According to Bessel Van der Kolk, “neglect [was] the most powerful predictor of self-destructive behavior.  This implies that although childhood trauma contributes heavily to the initiation of self-destructive behavior, lack of secure attachments maintains it.  Those… who could not remember feeling special or loved by anyone as children were least able to control their self-destructive behavior.”  This neglect leads to a person feeling that there are not of value and not worthy of any care or support.

People who self-injure do so in order to feel something or to not feel so much.  If a person is dissociating (feeling disconnected from self or surroundings) she/he may self-injure in order to be able to feel something and be able to feel grounded within the body again.  Some people may be feeling so much, the emotions are so activated, that the self-injuring may be a way to calm down and possibly reach a state where the feelings are less intense,

The following are some guidelines for responding to someone’s self-injuring:

Show that you see and care about the person in pain beyond the injury. 
Show concern for the injury, address safety (is the cut deep, has the person cleaned or treated the injury, etc.) and then move to validating the pain the person must be in to have done the injury. 

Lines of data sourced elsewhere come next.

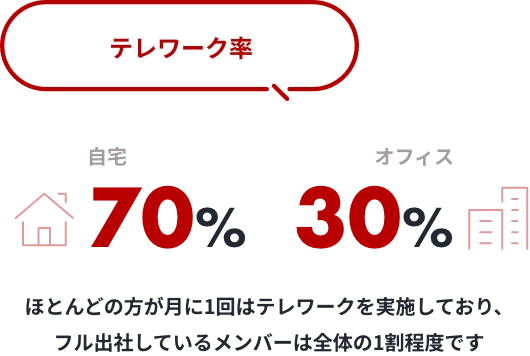 退職率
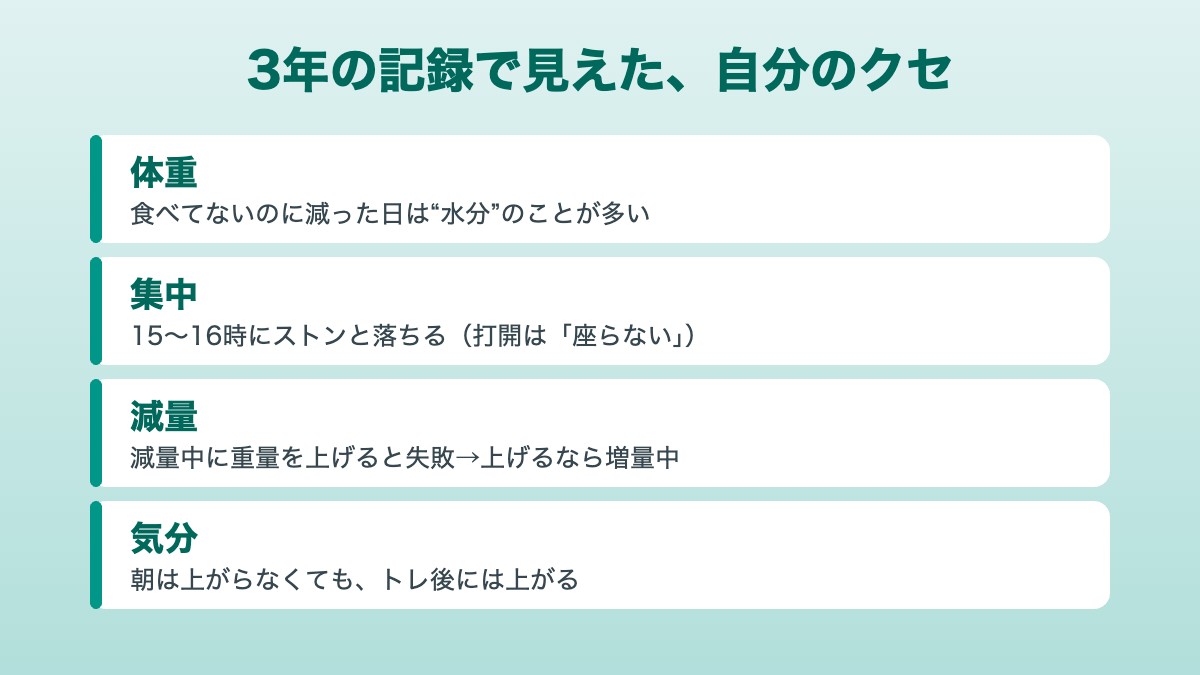 3年の記録で見えた自分のクセ：体重が動く日・午後の集中ダウン・減量中の重量・朝とトレ後の気分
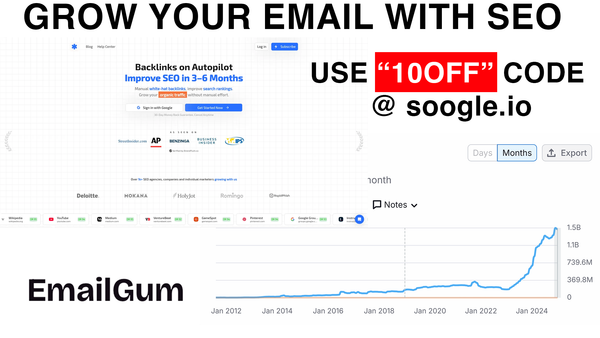 Slash Your Email Acquisition Costs With Automated SEO - Soogle.io Discount code "10OFF"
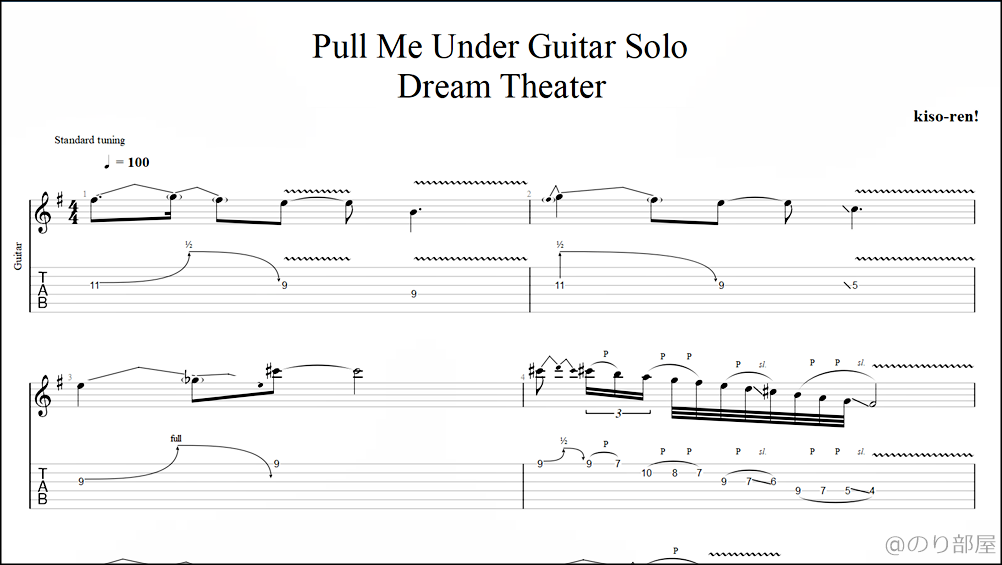 【TAB】Pull Me Under / Dream Theaterのギターソロが絶対弾ける練習方法。あらゆるテクニックの複合構築美ソロ【動画･ドリームシアター ジョンペトルーシ レガート基礎練習】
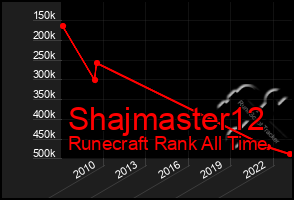 Total Graph of Shajmaster12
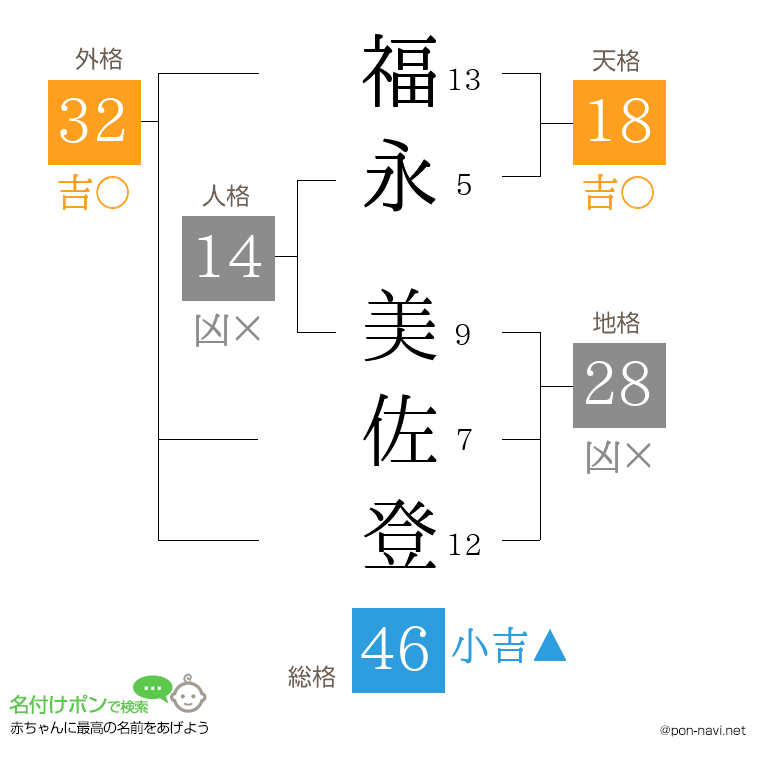 福永 美佐登さんの姓名判断結果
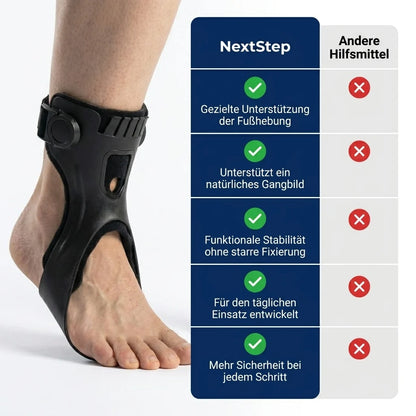 Orthèse de soutien pied et cheville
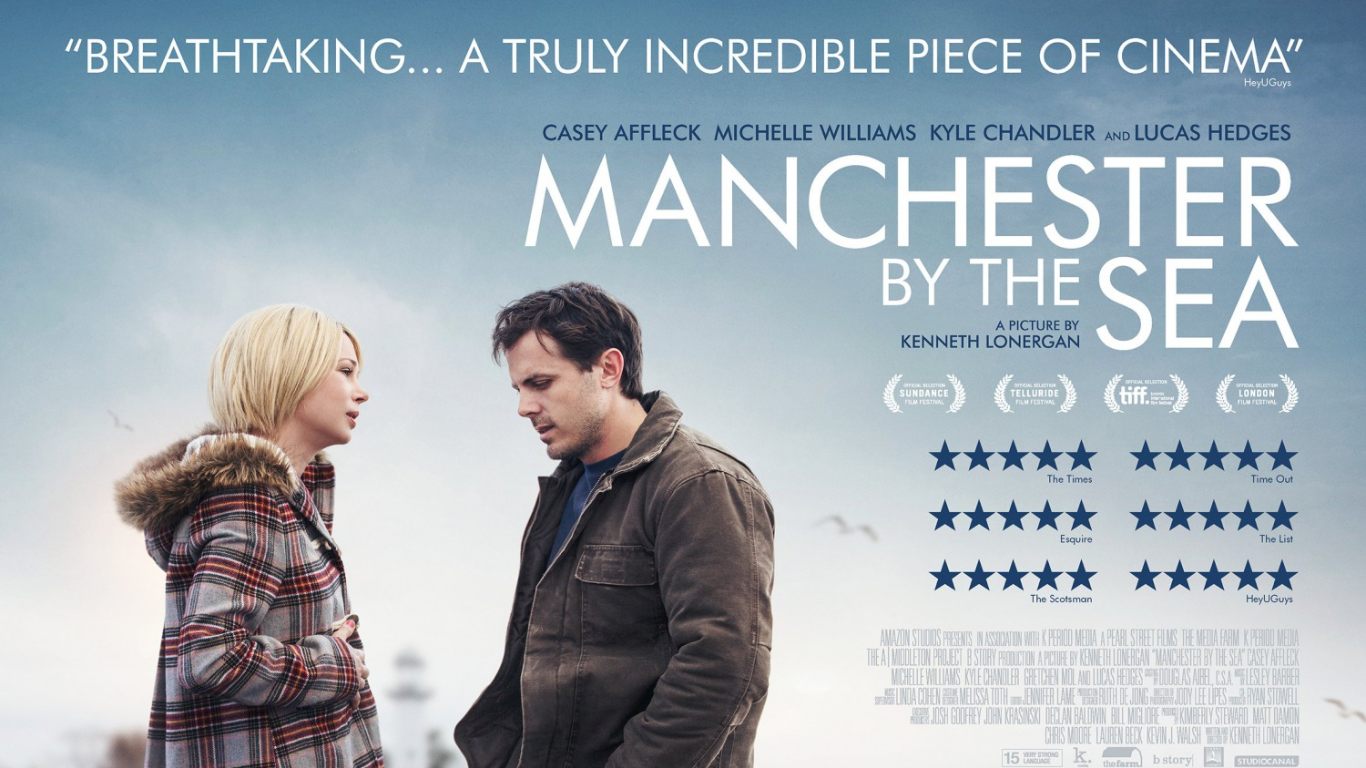 Manchester by the Sea (2016) Bluray Google Drive Download
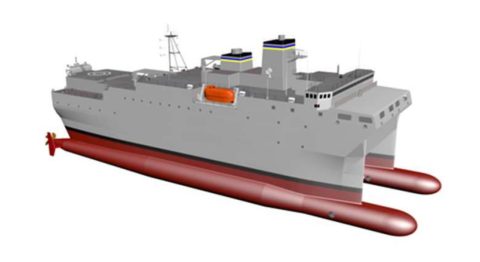 SURTASS & New T-AGOS Class Surveillance Ship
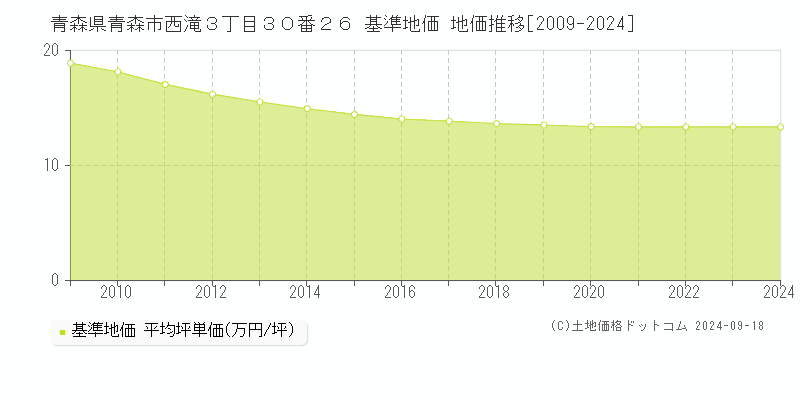 青森県青森市西滝３丁目３０番２６ 基準地価 地価推移[2009-2024]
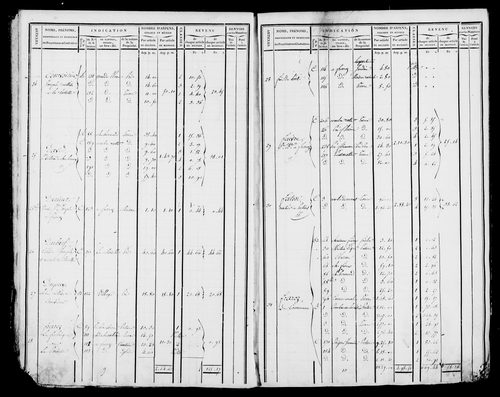 Etat de sections et matrice foncière.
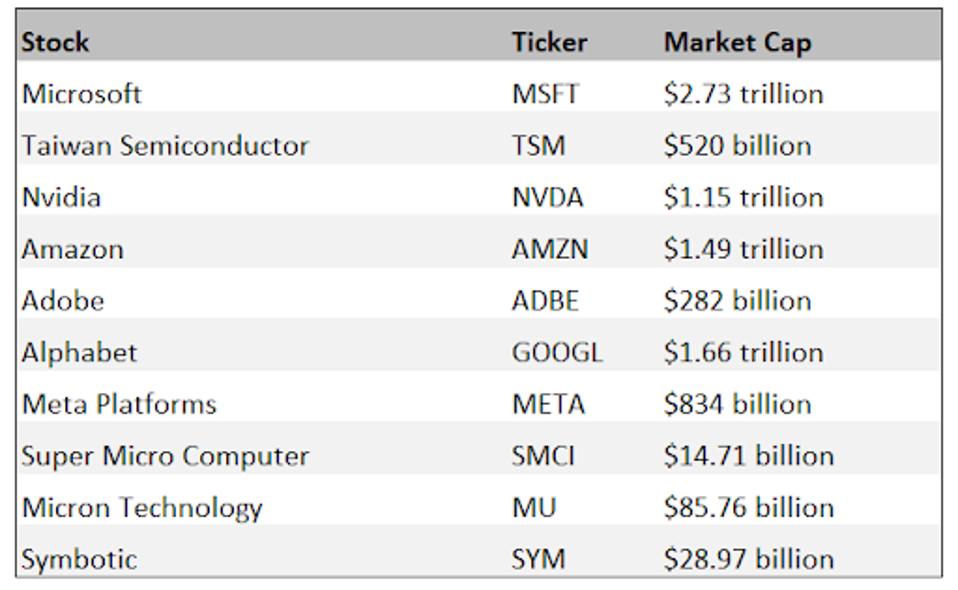 10 Best Artificial Intelligence (AI) Stocks For 2024 ...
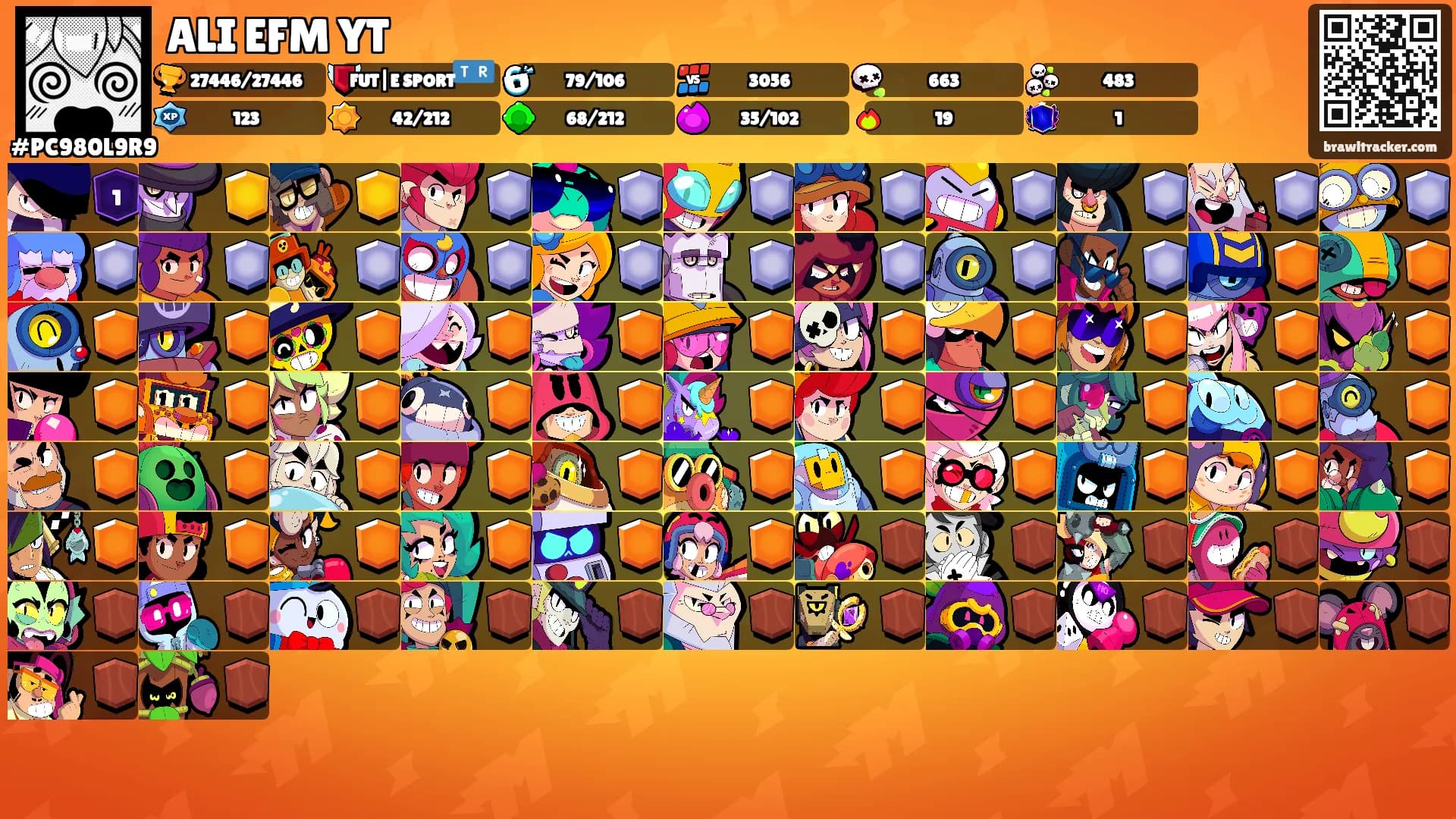 ALI EFM YT's Ranks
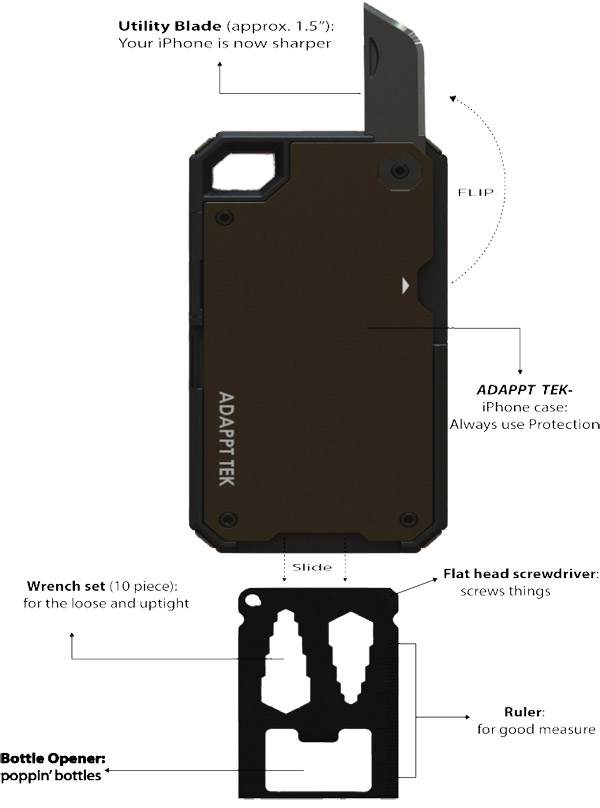 adapptxt multitool iphone case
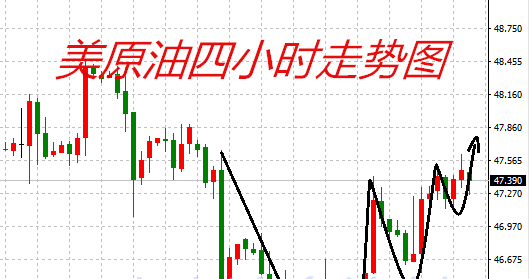 墨西哥湾飓风原油产能关停_原油-沥青走势_美国政府动用战略石油储备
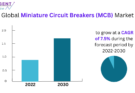Miniature Circuit Breakers (MCB) Market
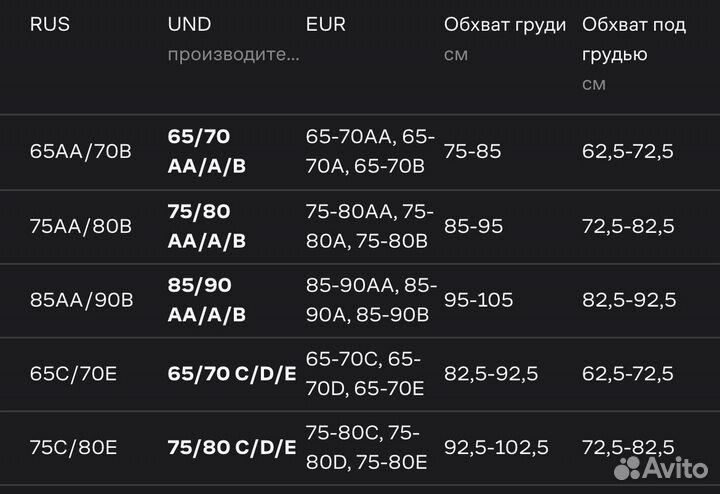 Бюстгалтер uniqlo без косточек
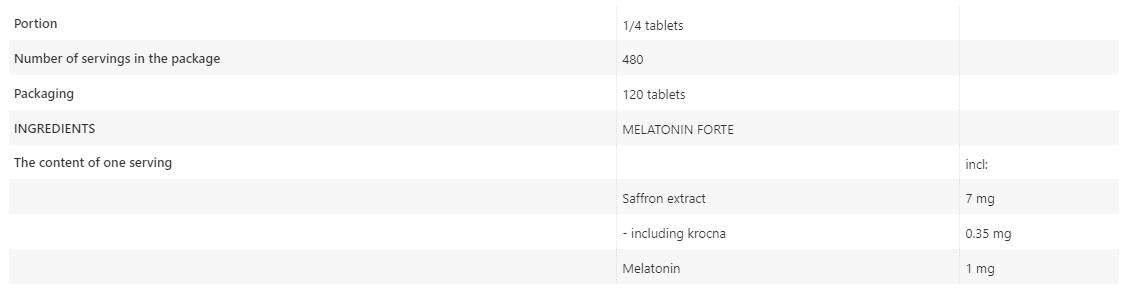 Melatonin Forte 4 mg 120 tablety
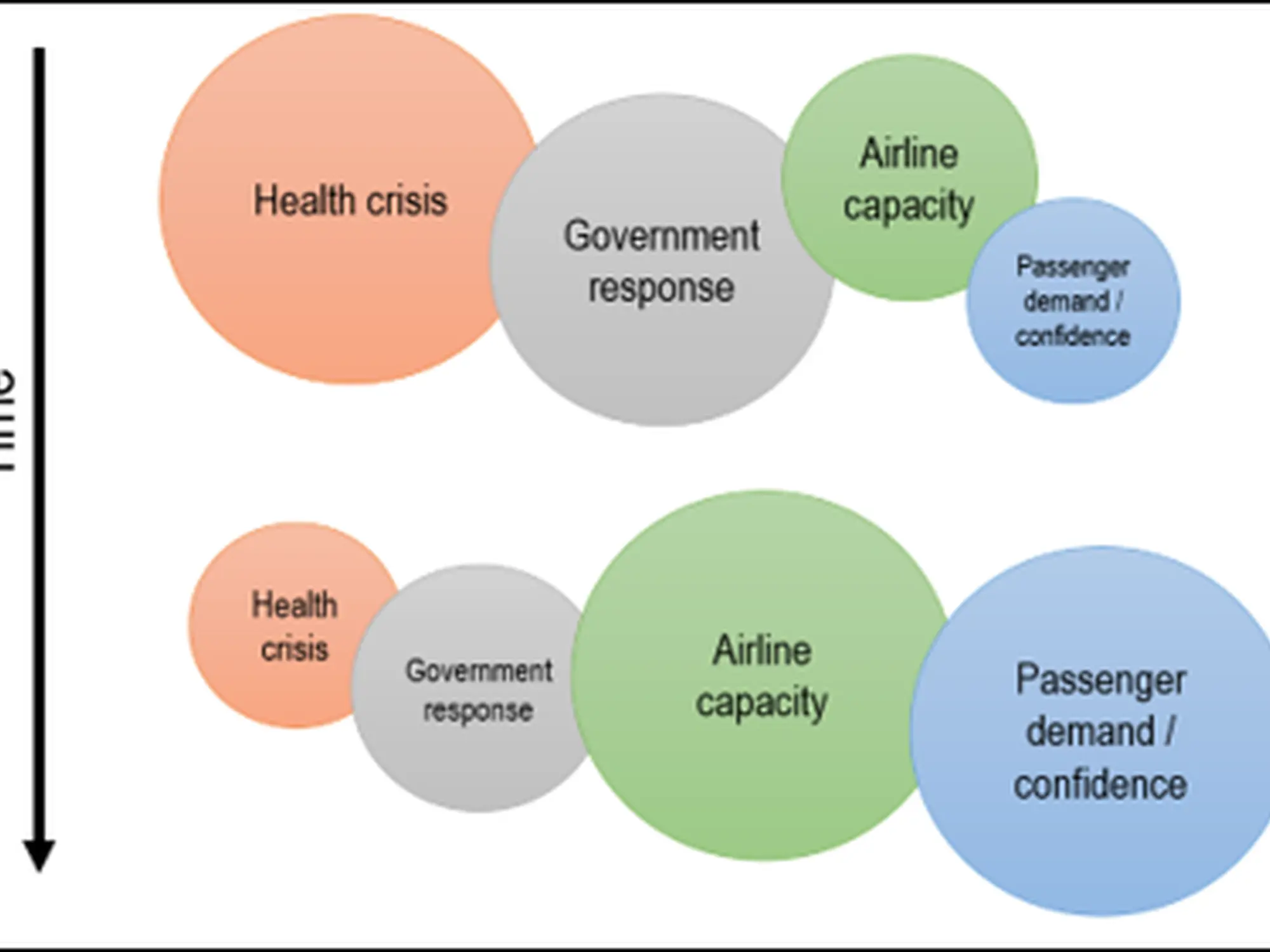 Air connectivity Air connectivity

Make it clear that it is okay to talk about self-injury and convey your respect for the person’s efforts to survive.  She was doing the best that she could.

Help the person make sense of the self-injury.  When did it start?  What was happening then?  Explore how self-injury has helped the person survive in the past. 

Encourage the person to find safe ways to deal with buried feelings and seek support in order to care for herself.

Acknowledge that is frightening to think about living without self-injury and that reducing how often it occurs can be the first step.  She may need to learn there are other things that work before she can make different choices.


It is important mostly to remember that by validating the pain beneath the injury we are letting the person know that they are of value and recognized as a survivor.